Bugün 10 Aralık Dünya İnsan Hakları günü. Evrensel düzeyde "insan haklarının anayasası" olarak kabul edilen İnsan Hakları Evrensel Bildirgesi'nin kabulünün 67. yıldönümünü kutluyoruz.
Tüm insanların yasalar önünde eşit olduğunu ve ayırımcılığa uğramayacaklarını vurgulayan bildirge, bireylerin kişisel hak ve özgürlüklerini tanımlayarak temel insan haklarına evrensel boyut kazandırmıştır.

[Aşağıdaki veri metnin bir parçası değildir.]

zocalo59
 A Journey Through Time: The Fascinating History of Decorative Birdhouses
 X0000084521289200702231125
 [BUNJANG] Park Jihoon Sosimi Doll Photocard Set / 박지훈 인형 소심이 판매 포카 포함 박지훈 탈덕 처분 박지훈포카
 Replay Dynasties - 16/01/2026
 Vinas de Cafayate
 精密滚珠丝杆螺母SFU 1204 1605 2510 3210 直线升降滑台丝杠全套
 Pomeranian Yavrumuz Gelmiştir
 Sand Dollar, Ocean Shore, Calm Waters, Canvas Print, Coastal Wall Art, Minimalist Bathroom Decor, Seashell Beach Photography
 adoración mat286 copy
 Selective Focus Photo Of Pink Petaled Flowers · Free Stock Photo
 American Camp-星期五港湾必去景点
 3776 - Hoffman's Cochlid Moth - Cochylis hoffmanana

Günümüzde ülkelerin uygarlık seviyeleri insan haklarına karşı gösterdikleri saygıyla ölçülmektedir. İnsan haklarına saygı, Anayasamızda da Cumhuriyetimizin değiştirilemez nitelikleri arasında sayılmaktadır. Ancak AKP iktidarı döneminde başta yaşam hakkı olmak üzere, temel insan hak ve özgürlükleri alanında örneklerini ancak dikta rejimlerinde görebileceğimiz gelişmeler yaşanmaktadır. Yargının bağımsızlığı tartışılır duruma getirilmiş, adil yargılanma süreci zedelenmiştir. İfade özgürlüğü ve basın özgürlüğü yerlerde sürünmekte, cumhuriyet tarihinin en ağır dönemi yaşanmaktadır. Muhalif her sesin susturulmaya çalışıldığı bu dönemde halkın haber alma özgürlüğüne yönelik sorumluluğunu yerine getiren gazeteciler “casusluk” iddiasıyla tutuklanmakta, hukuk devleti ve demokrasi rafa kaldırılmaktadır.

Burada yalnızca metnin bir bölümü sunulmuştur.